Preventing a disaster waiting to happen
The emergency command center, of sorts, of Barangay Mabolo, Cebu City, is located along C. Mina Street. The fire trucks and other vehicles belonging to the barangay access their command complex which is located towards the rear portion of the barangay hall using this C. Mina Street. The building which they call as barangay sports complex is also located beside the command center near the street’s dead end. This C. Mina Street is quite narrow such that two fire trucks coming from opposite directions cannot drive fast during an emergency. Consider the situation when one such vehicle is going out of the command center to answer an emergency and the other fire truck is coming back to base. The vehicles have to literally crawl in order to avoid the high risk of head-on collision.
Well, to be sure, the road is not that narrow. Like I have written in this column few times in the past, C. Mina Street, though supposedly a two-lane road, can allow two cars coming from opposite directions provided that they are driven rather slowly. But, I dare say that C. Mina is made narrower by several things.
1.) There are food stalls that are erected on the street. Each of these many stalls covers a small area of about one meter by two meters on the average. These structures are made of light materials so that when government announces to undertake cleanup operations, they can be easily removed even if after a short while they can be put up again. Actually this is more of a modus vivendi rather than a cat-and-mouse game.

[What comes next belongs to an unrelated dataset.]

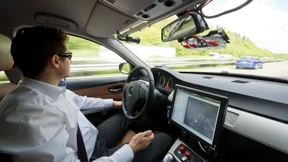 Algorithmen ermitteln 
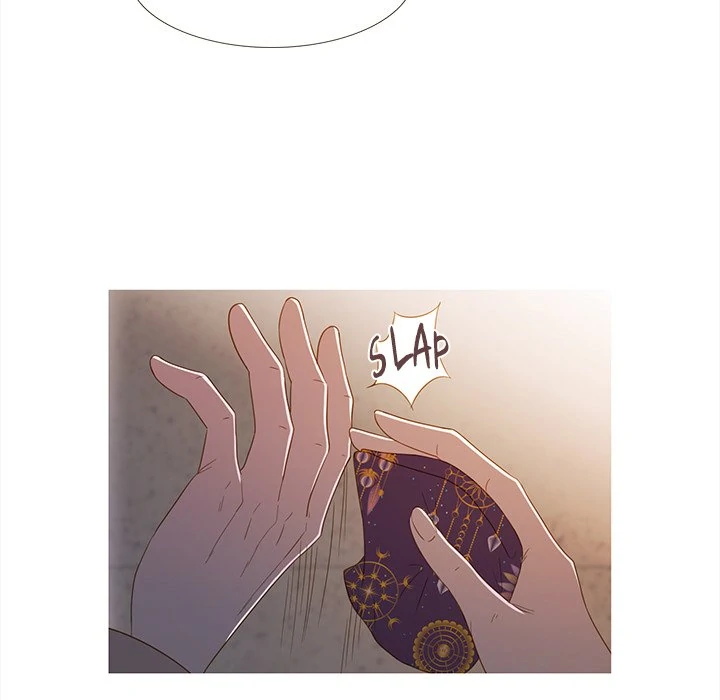 Image page 9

The owners of these “carenderias” cannot be driven away from portions of the C. Mina Street that they are settling on. On one hand, they are aware that their occupancy is illegal and anytime they can be asked to demolish their structures but on the other hand they seem to hold virtually the necks of our political leaders. Our officials know the legal truism that properties of public domain, like roads, are beyond the commerce of man. But our leaders also admit that the votes of these informal settlers make our elected officials win during elections. So, both parties quid pro quo.
2.) I have written some time ago that some settlers of C. Mina Street have improved their makeshift structures as to become temporary homes. Every time the government wants to clear the road of impediments, the homeowners blame the government for its failure to help the homeless. This reversion of roles works. They always manage to ask authorities to delay their ejectment on the reason that they will still be the ones to look for places to transfer to.
3.) Every time one looks for a free parking in the vicinity of the Mabolo barangay hall, Mabolo Royal Hotel, the Catholic church and the elementary school, he can find one in C. Mina Street. This happens almost every day. So we can find vehicles parked on the narrow C. Mina Street making it even narrower.
I rarely go to our small business situated in front of the Mabolo Emergency Command Center. More often than not, traffic in that area is snarled by the narrowness of C. Mina Street. That condition daunts me. Imagine if, God forbid, there is a heavy conflagration which the Mabolo fire trucks have to respond, with the food stalls near the Mabolo Barangay Hall full of customers and there are vehicles parked along C. Mina Street, is not disaster waiting to happen? To prevent such calamity, let City Hall relocate the food stalls and clear the street of other impediments.